SUPPLIED RECORDS Start Marker
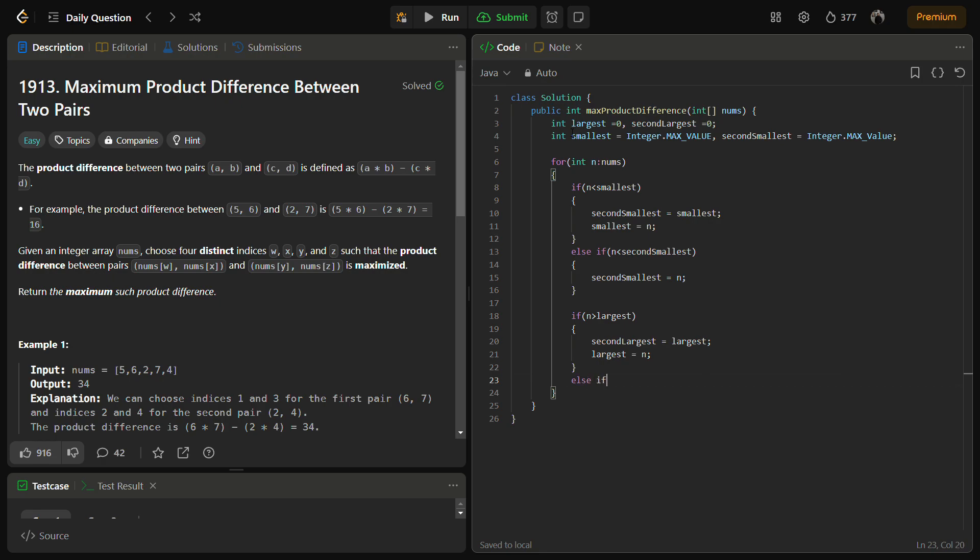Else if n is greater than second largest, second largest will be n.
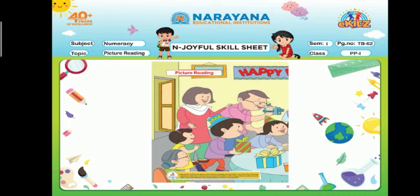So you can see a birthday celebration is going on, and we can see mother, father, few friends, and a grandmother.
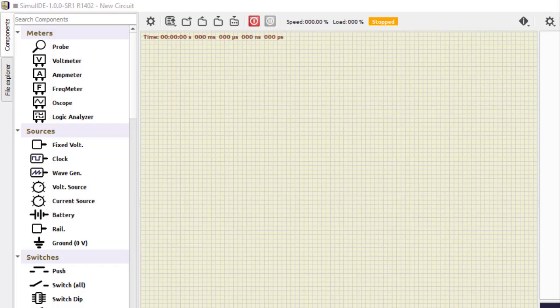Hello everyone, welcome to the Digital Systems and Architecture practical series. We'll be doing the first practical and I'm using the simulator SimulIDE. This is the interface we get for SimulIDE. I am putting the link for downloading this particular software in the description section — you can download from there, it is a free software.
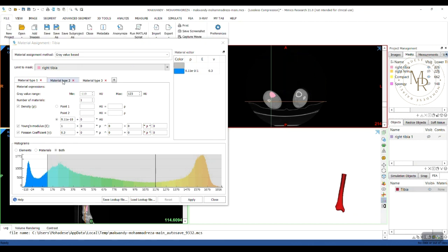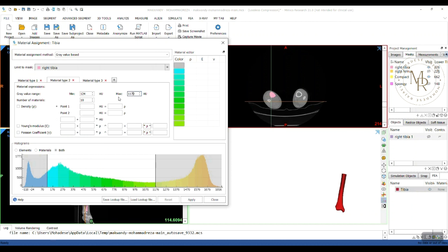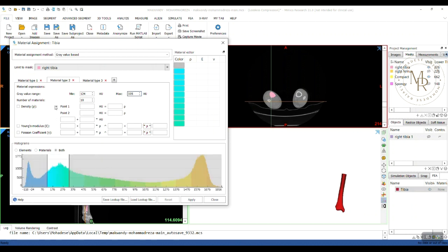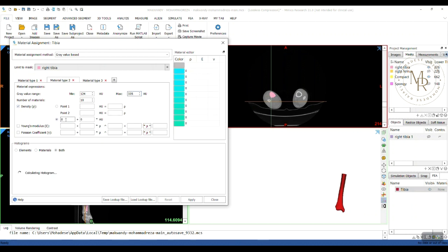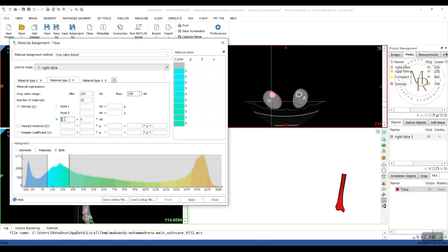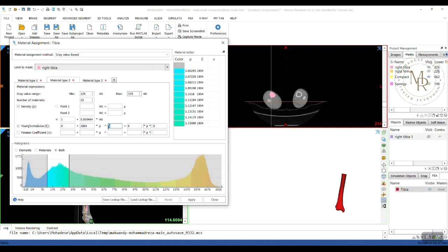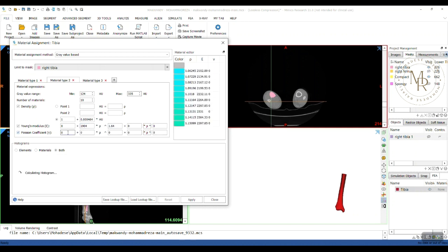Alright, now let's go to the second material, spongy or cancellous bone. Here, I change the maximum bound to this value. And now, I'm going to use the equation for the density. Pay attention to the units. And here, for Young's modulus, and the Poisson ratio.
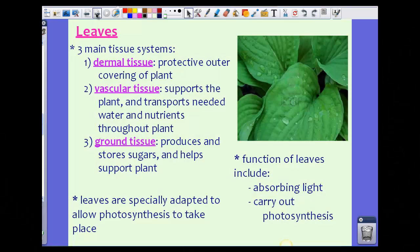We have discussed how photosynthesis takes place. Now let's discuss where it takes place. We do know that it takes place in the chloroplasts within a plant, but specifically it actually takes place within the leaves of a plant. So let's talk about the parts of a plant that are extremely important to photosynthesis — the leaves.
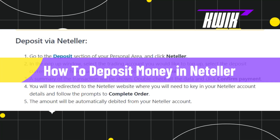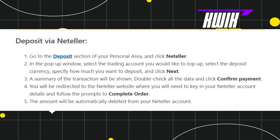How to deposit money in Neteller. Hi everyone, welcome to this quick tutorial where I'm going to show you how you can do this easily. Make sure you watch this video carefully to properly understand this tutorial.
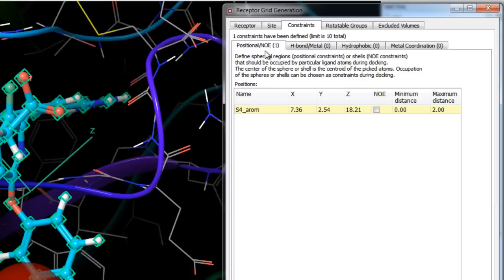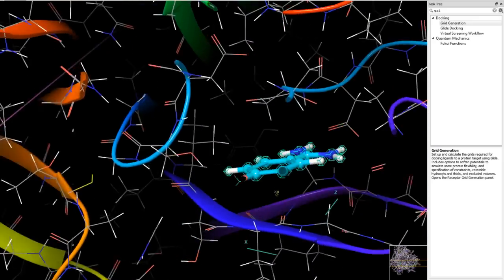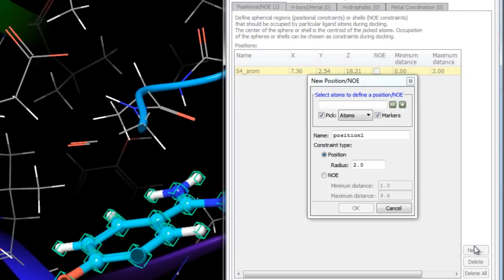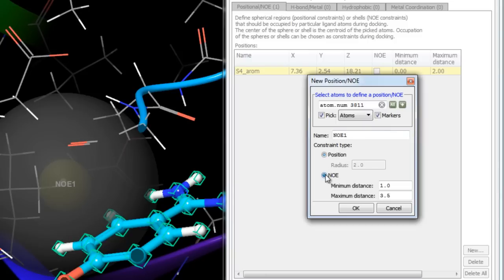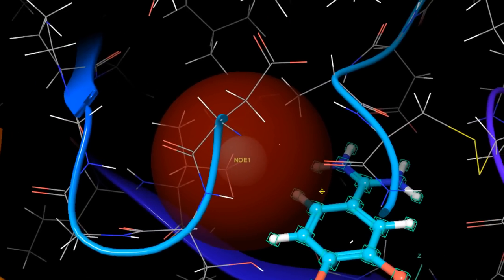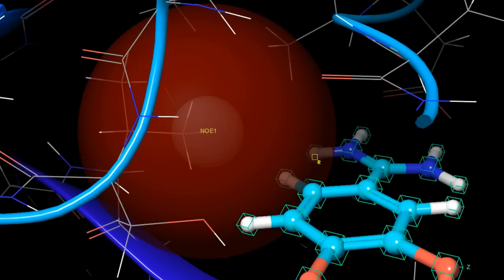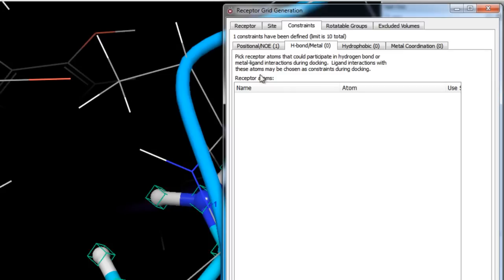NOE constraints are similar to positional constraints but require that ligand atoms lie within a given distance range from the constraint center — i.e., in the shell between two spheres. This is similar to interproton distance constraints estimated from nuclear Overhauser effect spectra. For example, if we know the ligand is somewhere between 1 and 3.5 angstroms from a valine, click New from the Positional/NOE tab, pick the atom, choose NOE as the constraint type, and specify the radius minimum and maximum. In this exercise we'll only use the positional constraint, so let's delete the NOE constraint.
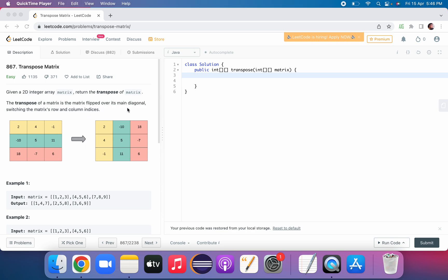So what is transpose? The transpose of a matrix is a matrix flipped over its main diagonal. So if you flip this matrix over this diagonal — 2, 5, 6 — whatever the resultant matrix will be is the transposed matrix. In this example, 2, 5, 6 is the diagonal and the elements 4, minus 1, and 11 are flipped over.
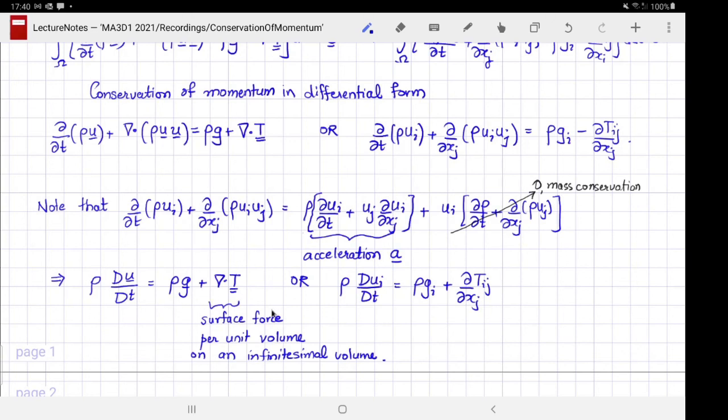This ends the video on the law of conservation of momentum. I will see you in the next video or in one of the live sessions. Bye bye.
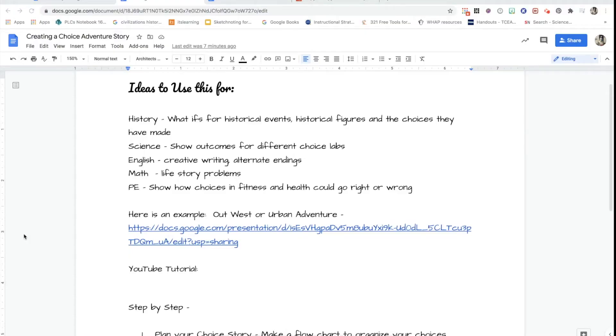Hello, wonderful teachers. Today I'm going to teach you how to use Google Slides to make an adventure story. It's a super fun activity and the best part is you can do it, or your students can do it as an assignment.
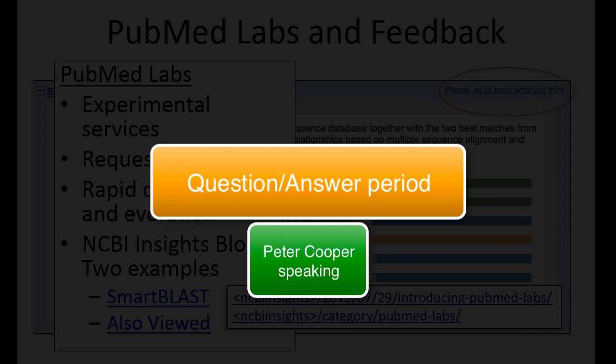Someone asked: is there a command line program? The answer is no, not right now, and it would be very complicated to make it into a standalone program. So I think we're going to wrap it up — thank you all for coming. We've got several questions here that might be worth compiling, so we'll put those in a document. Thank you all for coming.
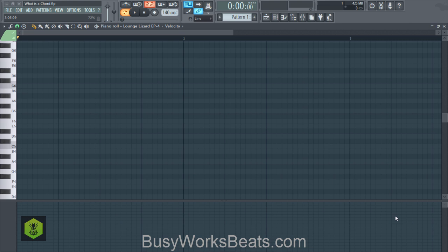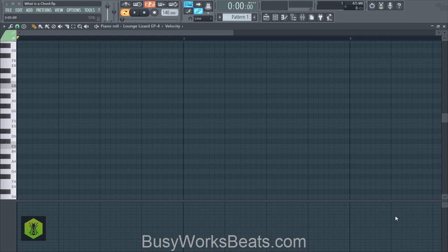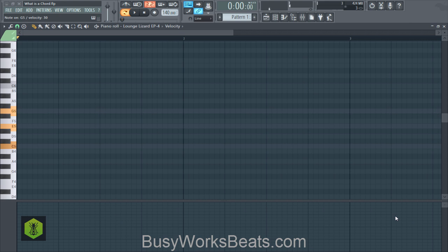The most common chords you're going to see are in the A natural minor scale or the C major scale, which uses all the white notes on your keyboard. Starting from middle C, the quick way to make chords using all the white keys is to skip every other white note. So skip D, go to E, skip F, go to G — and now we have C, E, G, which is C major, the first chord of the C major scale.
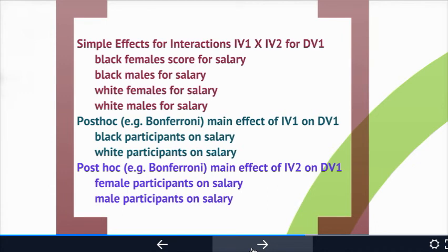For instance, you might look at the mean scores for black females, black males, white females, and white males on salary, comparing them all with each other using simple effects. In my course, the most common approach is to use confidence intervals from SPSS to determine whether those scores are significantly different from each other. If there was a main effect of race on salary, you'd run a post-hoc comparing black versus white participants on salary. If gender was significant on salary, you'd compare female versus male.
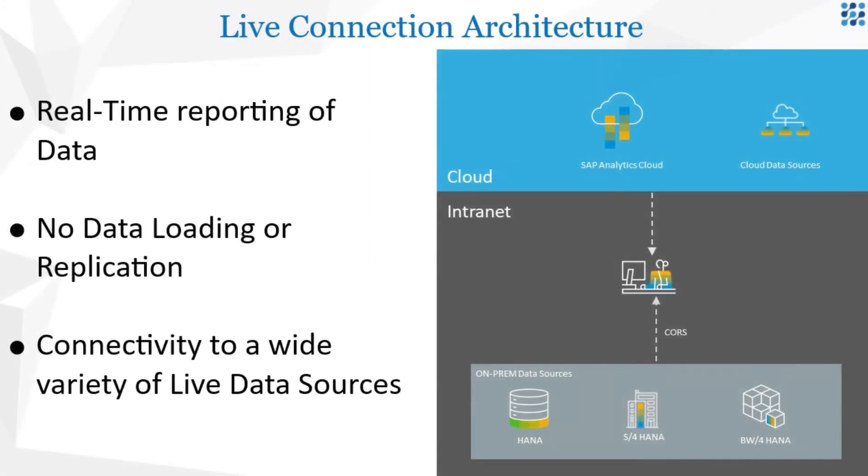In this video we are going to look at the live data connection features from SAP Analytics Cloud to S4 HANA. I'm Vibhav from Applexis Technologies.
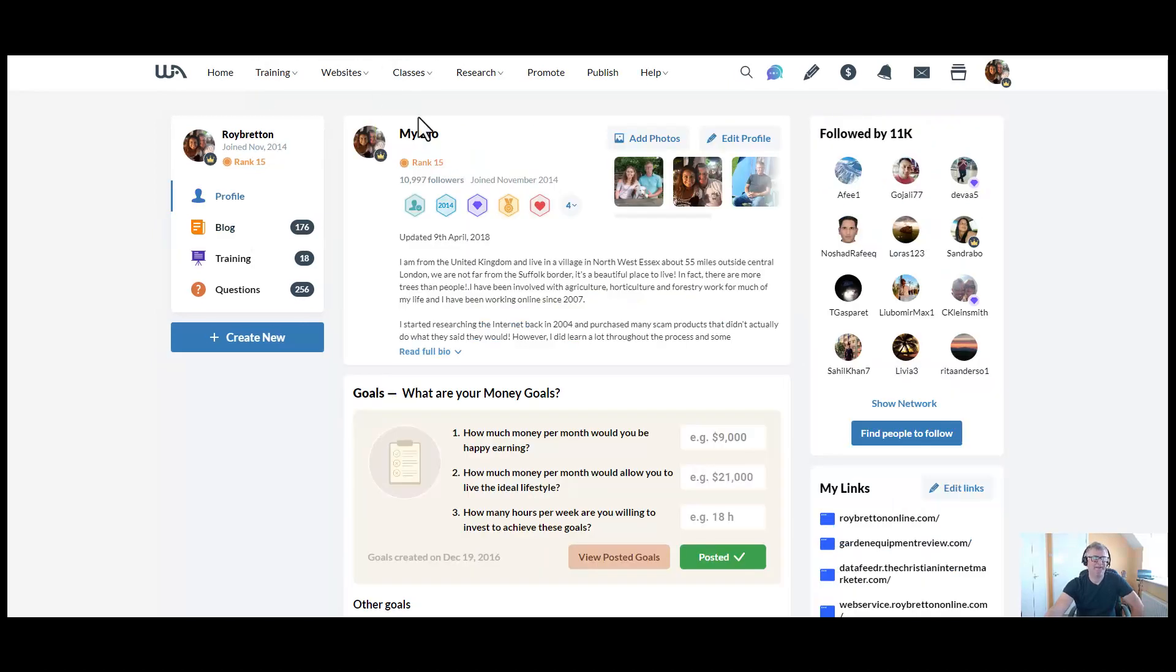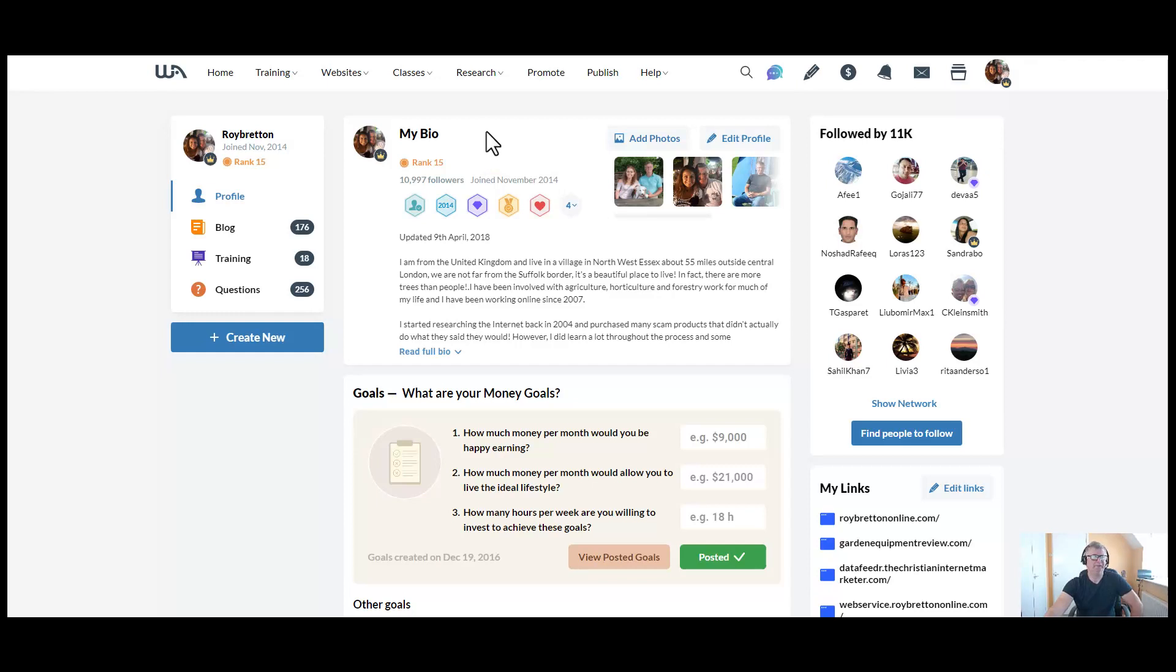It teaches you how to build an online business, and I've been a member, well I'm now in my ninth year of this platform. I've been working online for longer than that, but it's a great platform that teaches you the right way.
SUPPLIED RECORDS End Marker
**WORK REQUIRED**
Your answer should contain only the lines from the beginning of the listing above through the line with "How to deposit", copied exactly and without the pictures.

**TASK RESULT**
Else if n is greater than second largest, second largest will be n.
So you can see a birthday celebration is going on, and we can see mother, father, few friends, and a grandmother.
Hello everyone, welcome to the Digital Systems and Architecture practical series. We'll be doing the first practical and I'm using the simulator SimulIDE. This is the interface we get for SimulIDE. I am putting the link for downloading this particular software in the description section — you can download from there, it is a free software.
Alright, now let's go to the second material, spongy or cancellous bone. Here, I change the maximum bound to this value. And now, I'm going to use the equation for the density. Pay attention to the units. And here, for Young's modulus, and the Poisson ratio.
We have discussed how photosynthesis takes place. Now let's discuss where it takes place. We do know that it takes place in the chloroplasts within a plant, but specifically it actually takes place within the leaves of a plant. So let's talk about the parts of a plant that are extremely important to photosynthesis — the leaves.
How to deposit money in Neteller. Hi everyone, welcome to this quick tutorial where I'm going to show you how you can do this easily. Make sure you watch this video carefully to properly understand this tutorial.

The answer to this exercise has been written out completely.